--- Raw data ---
--
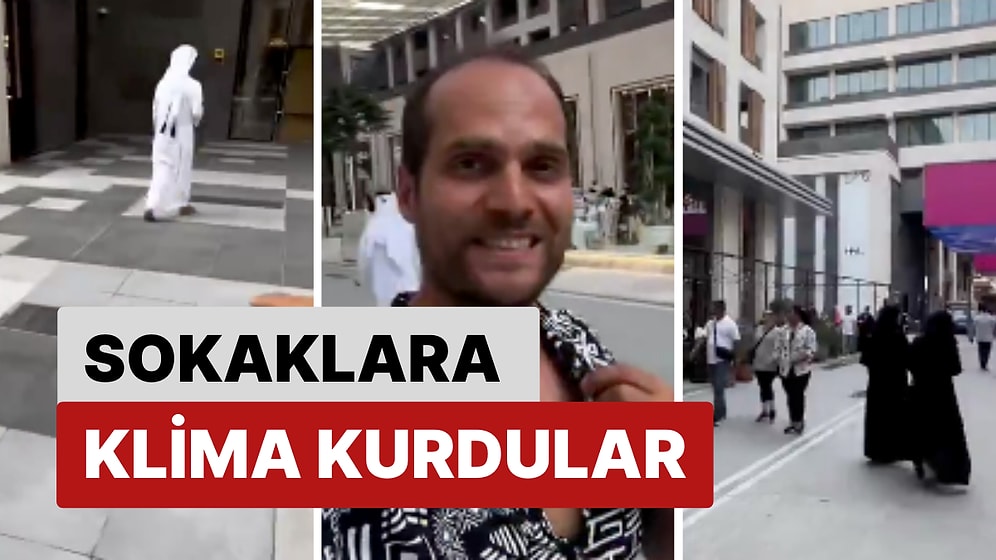 Bir Sosyal Medya Kullanıcısı Katar Sokaklarını Serinletmek İçin Kurulan Klimaları Tanıttı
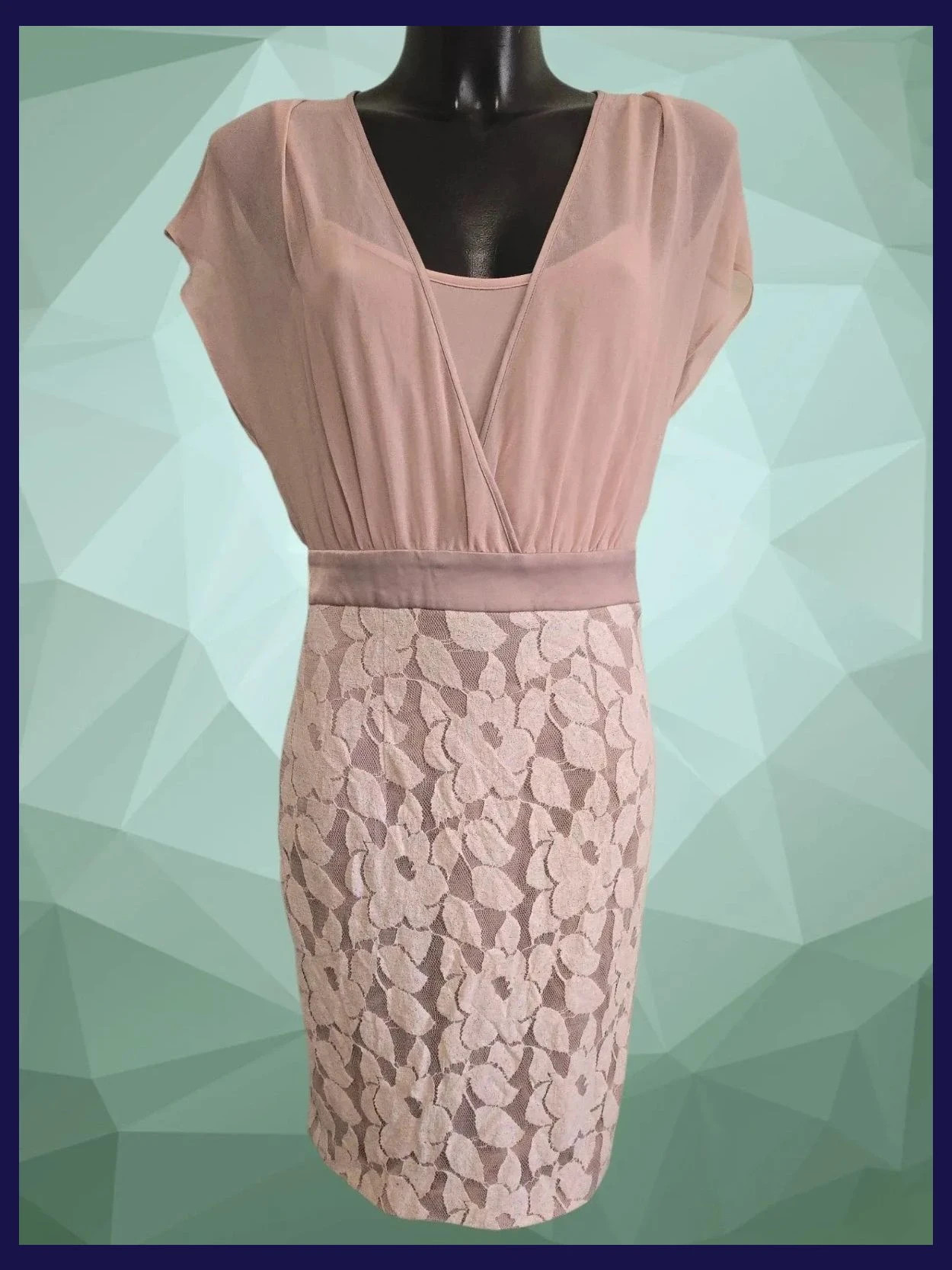 Sheer Wrap Lace Midi Dress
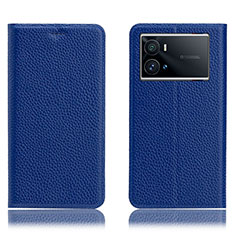 Leather Case Stands Flip Cover Holder H02P for Vivo iQOO 9 Pro 5G Blue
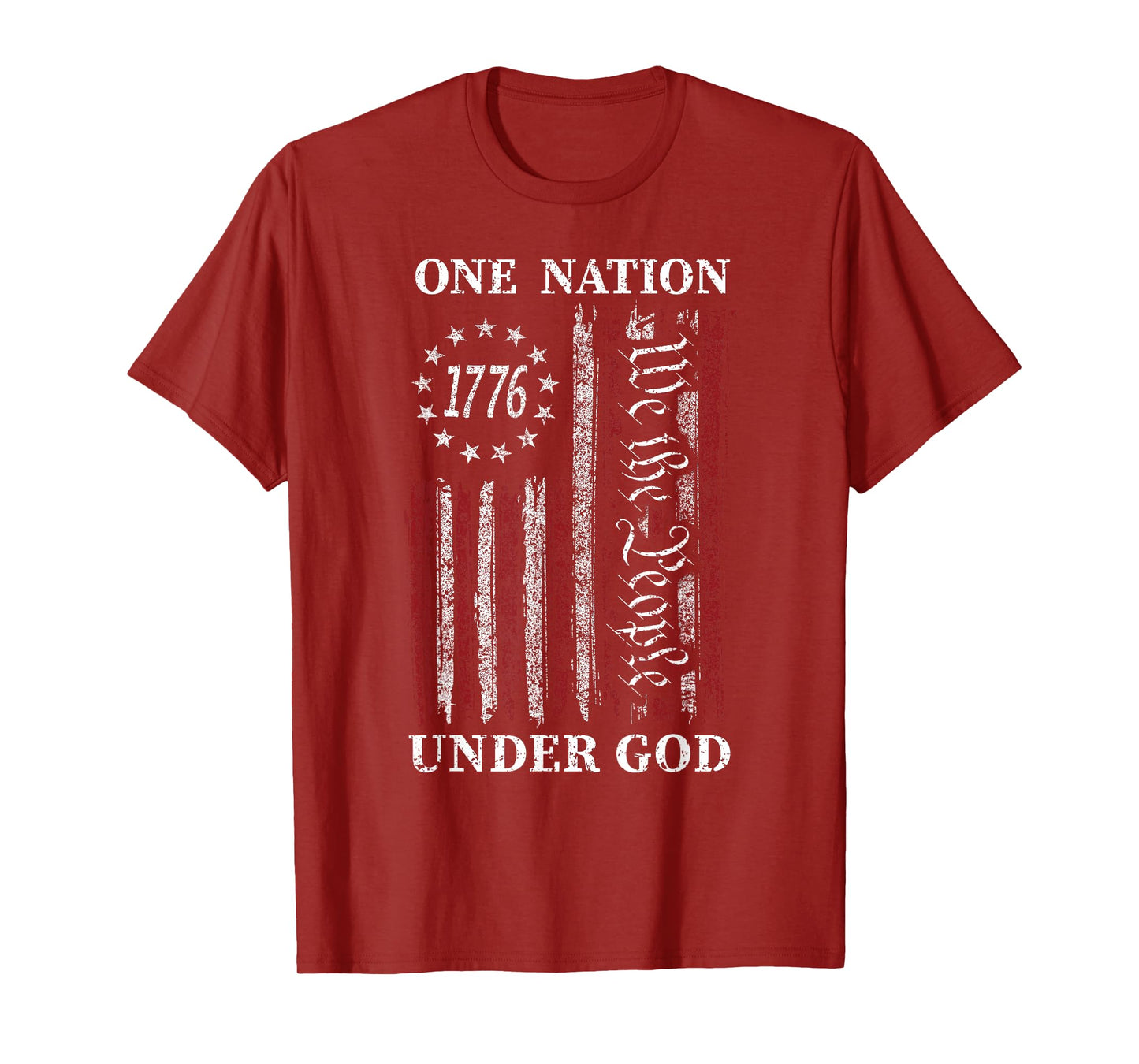 One Nation Under God Flag 4th Of July Patriotic Christian T-Shirt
--
--- Action item ---
Transcribe the data completely. No pictures should appear in the transcription.

--- Response ---
 Bir Sosyal Medya Kullanıcısı Katar Sokaklarını Serinletmek İçin Kurulan Klimaları Tanıttı
 Sheer Wrap Lace Midi Dress
 Leather Case Stands Flip Cover Holder H02P for Vivo iQOO 9 Pro 5G Blue
 One Nation Under God Flag 4th Of July Patriotic Christian T-Shirt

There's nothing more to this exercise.